Stored records

[Start of section]

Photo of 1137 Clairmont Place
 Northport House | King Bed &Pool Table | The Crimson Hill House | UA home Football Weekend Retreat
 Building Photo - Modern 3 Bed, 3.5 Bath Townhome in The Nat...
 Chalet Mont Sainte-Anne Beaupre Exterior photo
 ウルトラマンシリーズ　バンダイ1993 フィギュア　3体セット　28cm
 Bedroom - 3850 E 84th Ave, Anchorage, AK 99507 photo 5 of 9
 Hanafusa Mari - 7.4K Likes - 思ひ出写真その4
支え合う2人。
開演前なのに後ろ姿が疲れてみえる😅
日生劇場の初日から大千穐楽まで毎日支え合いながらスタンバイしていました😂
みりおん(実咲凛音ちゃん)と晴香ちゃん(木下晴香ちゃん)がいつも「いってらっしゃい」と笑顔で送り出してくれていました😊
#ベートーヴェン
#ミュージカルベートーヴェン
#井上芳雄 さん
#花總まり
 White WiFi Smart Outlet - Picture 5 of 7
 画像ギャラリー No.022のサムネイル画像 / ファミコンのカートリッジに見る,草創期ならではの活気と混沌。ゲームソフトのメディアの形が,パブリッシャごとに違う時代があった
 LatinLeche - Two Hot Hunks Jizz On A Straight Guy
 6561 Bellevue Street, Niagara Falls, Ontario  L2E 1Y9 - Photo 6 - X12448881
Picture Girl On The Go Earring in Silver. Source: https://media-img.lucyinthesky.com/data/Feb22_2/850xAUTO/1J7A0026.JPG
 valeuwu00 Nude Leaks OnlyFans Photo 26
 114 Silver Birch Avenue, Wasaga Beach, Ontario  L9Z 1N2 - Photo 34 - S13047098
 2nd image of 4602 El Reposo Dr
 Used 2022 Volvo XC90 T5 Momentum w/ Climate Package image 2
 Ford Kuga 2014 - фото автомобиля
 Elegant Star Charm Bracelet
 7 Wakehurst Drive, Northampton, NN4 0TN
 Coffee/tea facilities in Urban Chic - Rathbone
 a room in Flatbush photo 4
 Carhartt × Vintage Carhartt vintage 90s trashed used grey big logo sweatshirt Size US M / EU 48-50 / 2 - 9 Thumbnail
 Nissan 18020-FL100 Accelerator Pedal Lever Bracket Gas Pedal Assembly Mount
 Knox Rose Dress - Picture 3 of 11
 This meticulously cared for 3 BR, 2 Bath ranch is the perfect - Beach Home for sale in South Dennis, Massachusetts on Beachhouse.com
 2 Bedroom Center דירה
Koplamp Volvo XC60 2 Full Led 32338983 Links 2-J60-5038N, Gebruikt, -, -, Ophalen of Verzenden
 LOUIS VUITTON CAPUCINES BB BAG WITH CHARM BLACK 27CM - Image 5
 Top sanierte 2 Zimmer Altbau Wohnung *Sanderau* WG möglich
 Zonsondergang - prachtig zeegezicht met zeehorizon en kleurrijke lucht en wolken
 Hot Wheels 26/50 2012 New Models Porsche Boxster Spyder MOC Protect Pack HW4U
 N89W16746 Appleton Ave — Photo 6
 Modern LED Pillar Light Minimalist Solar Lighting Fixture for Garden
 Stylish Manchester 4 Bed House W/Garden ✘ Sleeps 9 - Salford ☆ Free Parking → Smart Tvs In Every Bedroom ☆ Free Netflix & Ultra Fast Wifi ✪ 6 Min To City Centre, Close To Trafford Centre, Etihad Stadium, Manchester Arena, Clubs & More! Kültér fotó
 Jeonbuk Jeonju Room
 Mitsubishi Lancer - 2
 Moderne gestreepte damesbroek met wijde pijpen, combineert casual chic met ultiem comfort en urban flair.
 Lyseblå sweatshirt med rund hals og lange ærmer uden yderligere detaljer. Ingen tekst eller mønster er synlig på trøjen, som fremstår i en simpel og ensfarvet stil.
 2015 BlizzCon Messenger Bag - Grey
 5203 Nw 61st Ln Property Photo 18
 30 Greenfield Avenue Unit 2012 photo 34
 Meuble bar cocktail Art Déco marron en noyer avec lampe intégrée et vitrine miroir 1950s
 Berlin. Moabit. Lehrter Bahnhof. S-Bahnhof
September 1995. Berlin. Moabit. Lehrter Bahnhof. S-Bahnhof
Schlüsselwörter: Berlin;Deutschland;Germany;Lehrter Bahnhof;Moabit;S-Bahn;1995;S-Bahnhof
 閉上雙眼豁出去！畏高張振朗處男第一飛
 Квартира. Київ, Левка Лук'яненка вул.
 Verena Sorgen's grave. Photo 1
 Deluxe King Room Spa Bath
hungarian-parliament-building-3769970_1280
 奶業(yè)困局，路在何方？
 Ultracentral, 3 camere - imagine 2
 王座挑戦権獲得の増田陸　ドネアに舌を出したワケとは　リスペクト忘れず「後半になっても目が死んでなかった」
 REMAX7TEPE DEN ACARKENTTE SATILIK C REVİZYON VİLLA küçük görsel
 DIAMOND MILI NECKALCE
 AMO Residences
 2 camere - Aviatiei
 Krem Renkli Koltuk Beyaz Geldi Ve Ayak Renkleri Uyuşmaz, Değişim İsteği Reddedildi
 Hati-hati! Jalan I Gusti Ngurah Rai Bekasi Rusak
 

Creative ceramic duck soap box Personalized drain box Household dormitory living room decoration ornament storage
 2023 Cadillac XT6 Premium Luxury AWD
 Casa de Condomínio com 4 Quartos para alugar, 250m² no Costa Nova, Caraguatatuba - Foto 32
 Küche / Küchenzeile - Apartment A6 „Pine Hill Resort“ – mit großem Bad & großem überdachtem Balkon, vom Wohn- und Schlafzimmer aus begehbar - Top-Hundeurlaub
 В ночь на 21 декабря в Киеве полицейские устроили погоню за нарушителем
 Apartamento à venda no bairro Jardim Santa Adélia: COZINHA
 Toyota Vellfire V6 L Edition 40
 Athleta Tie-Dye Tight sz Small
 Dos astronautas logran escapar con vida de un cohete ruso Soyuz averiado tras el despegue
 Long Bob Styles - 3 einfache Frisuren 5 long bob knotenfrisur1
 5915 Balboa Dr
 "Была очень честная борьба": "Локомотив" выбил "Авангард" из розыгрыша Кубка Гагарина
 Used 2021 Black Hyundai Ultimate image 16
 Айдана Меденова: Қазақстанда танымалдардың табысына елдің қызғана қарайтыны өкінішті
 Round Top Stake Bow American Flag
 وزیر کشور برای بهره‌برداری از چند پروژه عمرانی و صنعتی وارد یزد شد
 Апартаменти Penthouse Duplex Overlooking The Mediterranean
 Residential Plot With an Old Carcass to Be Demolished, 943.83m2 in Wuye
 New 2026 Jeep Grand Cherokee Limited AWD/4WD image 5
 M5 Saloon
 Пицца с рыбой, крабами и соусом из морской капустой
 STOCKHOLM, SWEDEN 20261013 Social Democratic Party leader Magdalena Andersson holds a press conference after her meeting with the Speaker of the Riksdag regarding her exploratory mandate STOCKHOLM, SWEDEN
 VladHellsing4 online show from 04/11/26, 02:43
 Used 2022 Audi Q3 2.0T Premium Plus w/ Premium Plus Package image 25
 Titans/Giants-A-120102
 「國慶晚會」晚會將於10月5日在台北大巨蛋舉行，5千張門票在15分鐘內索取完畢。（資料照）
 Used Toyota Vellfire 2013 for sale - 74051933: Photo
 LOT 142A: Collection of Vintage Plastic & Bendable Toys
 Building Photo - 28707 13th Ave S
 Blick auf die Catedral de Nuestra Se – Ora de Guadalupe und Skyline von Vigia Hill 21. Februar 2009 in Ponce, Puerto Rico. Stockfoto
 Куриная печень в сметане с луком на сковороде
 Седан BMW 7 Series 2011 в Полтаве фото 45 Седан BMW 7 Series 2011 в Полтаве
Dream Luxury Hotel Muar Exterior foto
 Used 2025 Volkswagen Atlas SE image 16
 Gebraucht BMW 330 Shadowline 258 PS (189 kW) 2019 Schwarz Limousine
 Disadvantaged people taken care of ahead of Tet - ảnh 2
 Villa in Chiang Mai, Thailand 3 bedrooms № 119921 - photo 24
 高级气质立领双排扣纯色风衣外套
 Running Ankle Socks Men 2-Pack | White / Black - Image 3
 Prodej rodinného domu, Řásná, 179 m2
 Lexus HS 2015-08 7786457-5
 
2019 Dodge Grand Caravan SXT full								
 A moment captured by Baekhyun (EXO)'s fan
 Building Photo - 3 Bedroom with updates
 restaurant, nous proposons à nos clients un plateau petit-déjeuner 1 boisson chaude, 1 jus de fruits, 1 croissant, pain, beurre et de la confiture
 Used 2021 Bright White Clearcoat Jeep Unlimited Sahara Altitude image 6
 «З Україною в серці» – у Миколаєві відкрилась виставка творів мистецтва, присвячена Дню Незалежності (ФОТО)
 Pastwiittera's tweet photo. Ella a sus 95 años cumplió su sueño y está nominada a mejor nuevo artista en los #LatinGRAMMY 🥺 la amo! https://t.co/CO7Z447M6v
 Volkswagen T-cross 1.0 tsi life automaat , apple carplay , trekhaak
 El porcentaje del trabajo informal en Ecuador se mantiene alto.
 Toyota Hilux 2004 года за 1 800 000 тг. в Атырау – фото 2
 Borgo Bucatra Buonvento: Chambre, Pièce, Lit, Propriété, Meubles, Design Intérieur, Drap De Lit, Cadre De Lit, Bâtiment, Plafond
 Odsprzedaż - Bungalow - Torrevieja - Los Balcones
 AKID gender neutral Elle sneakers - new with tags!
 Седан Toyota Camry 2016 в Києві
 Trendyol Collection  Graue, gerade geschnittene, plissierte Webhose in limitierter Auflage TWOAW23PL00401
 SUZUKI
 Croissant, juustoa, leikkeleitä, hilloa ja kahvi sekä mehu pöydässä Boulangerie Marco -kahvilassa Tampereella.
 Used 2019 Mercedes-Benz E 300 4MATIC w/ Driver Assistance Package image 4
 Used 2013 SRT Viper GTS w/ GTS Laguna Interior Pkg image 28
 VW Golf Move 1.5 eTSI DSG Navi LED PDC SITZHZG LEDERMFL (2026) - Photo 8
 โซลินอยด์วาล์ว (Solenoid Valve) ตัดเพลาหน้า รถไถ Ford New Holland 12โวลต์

[End of section]

**Exercise objective:** The lines to return begin at the first line of the records and end at the line holding "This meticulously cared"; please return them exactly, including both, and nothing beyond.

**Answer section:**
Photo of 1137 Clairmont Place
 Northport House | King Bed &Pool Table | The Crimson Hill House | UA home Football Weekend Retreat
 Building Photo - Modern 3 Bed, 3.5 Bath Townhome in The Nat...
 Chalet Mont Sainte-Anne Beaupre Exterior photo
 ウルトラマンシリーズ　バンダイ1993 フィギュア　3体セット　28cm
 Bedroom - 3850 E 84th Ave, Anchorage, AK 99507 photo 5 of 9
 Hanafusa Mari - 7.4K Likes - 思ひ出写真その4
支え合う2人。
開演前なのに後ろ姿が疲れてみえる😅
日生劇場の初日から大千穐楽まで毎日支え合いながらスタンバイしていました😂
みりおん(実咲凛音ちゃん)と晴香ちゃん(木下晴香ちゃん)がいつも「いってらっしゃい」と笑顔で送り出してくれていました😊
#ベートーヴェン
#ミュージカルベートーヴェン
#井上芳雄 さん
#花總まり
 White WiFi Smart Outlet - Picture 5 of 7
 画像ギャラリー No.022のサムネイル画像 / ファミコンのカートリッジに見る,草創期ならではの活気と混沌。ゲームソフトのメディアの形が,パブリッシャごとに違う時代があった
 LatinLeche - Two Hot Hunks Jizz On A Straight Guy
 6561 Bellevue Street, Niagara Falls, Ontario  L2E 1Y9 - Photo 6 - X12448881
Picture Girl On The Go Earring in Silver. Source: https://media-img.lucyinthesky.com/data/Feb22_2/850xAUTO/1J7A0026.JPG
 valeuwu00 Nude Leaks OnlyFans Photo 26
 114 Silver Birch Avenue, Wasaga Beach, Ontario  L9Z 1N2 - Photo 34 - S13047098
 2nd image of 4602 El Reposo Dr
 Used 2022 Volvo XC90 T5 Momentum w/ Climate Package image 2
 Ford Kuga 2014 - фото автомобиля
 Elegant Star Charm Bracelet
 7 Wakehurst Drive, Northampton, NN4 0TN
 Coffee/tea facilities in Urban Chic - Rathbone
 a room in Flatbush photo 4
 Carhartt × Vintage Carhartt vintage 90s trashed used grey big logo sweatshirt Size US M / EU 48-50 / 2 - 9 Thumbnail
 Nissan 18020-FL100 Accelerator Pedal Lever Bracket Gas Pedal Assembly Mount
 Knox Rose Dress - Picture 3 of 11
 This meticulously cared for 3 BR, 2 Bath ranch is the perfect - Beach Home for sale in South Dennis, Massachusetts on Beachhouse.com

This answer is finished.